_DIRECTIONS FOR THIS TASK_:
In the entries below, find the line containing "ネイル 金井 奈々のネイルデザイン" and the line containing "[EF300_550UL] CAPOT ALU". Copy those two lines and everything between them exactly, and only that.

_MATERIAL SUPPLIED_:
*** Block opens ***

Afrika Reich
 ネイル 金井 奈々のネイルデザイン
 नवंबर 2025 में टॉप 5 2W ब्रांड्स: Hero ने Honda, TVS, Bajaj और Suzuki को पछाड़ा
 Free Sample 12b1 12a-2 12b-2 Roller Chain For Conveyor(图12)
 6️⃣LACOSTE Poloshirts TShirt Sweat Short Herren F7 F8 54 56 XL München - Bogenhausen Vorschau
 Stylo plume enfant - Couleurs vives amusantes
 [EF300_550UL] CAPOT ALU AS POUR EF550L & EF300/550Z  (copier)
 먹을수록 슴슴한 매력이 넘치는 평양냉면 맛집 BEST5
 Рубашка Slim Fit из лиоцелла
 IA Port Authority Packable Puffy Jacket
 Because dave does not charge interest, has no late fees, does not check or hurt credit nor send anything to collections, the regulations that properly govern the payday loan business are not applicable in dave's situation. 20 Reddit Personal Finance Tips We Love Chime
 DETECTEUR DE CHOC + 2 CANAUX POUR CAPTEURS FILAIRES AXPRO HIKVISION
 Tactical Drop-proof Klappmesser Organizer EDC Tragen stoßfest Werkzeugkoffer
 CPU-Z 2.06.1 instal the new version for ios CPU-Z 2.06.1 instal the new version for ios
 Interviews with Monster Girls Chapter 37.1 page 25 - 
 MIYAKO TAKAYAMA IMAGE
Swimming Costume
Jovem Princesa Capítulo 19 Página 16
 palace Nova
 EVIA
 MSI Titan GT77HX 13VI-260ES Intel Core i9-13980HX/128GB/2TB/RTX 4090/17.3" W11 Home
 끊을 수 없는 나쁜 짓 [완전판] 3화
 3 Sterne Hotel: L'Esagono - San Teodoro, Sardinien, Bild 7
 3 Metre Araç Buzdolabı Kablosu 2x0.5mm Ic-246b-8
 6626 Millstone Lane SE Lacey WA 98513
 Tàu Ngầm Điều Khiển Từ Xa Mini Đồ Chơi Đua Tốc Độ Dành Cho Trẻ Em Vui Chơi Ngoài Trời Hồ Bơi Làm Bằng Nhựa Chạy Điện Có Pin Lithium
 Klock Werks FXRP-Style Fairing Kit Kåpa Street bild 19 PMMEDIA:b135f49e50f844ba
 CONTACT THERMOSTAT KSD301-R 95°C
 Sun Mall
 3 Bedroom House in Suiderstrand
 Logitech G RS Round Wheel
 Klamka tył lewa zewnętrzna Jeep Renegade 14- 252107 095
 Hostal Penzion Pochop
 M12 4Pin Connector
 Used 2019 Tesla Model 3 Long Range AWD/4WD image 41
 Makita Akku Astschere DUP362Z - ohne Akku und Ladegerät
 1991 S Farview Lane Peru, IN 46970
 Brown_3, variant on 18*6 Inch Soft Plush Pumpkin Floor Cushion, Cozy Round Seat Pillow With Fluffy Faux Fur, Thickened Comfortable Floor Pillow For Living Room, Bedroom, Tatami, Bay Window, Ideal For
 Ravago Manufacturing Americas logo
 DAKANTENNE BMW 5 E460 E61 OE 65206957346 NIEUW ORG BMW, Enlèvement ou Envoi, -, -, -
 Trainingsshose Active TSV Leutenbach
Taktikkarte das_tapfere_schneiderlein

*** Block closes ***

_EXPECTED OUTPUT_:
 ネイル 金井 奈々のネイルデザイン
 नवंबर 2025 में टॉप 5 2W ब्रांड्स: Hero ने Honda, TVS, Bajaj और Suzuki को पछाड़ा
 Free Sample 12b1 12a-2 12b-2 Roller Chain For Conveyor(图12)
 6️⃣LACOSTE Poloshirts TShirt Sweat Short Herren F7 F8 54 56 XL München - Bogenhausen Vorschau
 Stylo plume enfant - Couleurs vives amusantes
 [EF300_550UL] CAPOT ALU AS POUR EF550L & EF300/550Z  (copier)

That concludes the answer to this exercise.